Exercise prompt:
Below is a block of entries; repeat exactly the lines starting at the line that contains "Vintage Brass Wall" and ending at the line that contains "Removing the stalk off of kale", both included.

Material for this task:
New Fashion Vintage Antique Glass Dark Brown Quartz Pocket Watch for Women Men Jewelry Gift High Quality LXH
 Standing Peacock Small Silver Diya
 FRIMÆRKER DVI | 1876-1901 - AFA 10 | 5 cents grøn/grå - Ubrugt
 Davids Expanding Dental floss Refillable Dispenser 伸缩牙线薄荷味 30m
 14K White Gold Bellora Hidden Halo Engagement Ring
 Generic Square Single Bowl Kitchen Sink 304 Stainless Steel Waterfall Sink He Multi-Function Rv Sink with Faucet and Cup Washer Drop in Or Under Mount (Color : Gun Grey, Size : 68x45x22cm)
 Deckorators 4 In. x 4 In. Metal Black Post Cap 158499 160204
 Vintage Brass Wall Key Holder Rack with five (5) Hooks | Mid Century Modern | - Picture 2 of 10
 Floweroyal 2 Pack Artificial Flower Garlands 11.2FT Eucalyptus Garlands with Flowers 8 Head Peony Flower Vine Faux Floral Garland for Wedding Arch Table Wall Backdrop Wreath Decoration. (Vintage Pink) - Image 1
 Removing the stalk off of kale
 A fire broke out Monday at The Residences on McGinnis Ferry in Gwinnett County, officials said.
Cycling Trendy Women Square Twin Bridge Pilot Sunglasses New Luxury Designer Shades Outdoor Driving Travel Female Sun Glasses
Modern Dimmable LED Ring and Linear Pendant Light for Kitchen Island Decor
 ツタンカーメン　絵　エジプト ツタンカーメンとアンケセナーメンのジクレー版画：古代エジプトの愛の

Response:
 Vintage Brass Wall Key Holder Rack with five (5) Hooks | Mid Century Modern | - Picture 2 of 10
 Floweroyal 2 Pack Artificial Flower Garlands 11.2FT Eucalyptus Garlands with Flowers 8 Head Peony Flower Vine Faux Floral Garland for Wedding Arch Table Wall Backdrop Wreath Decoration. (Vintage Pink) - Image 1
 Removing the stalk off of kale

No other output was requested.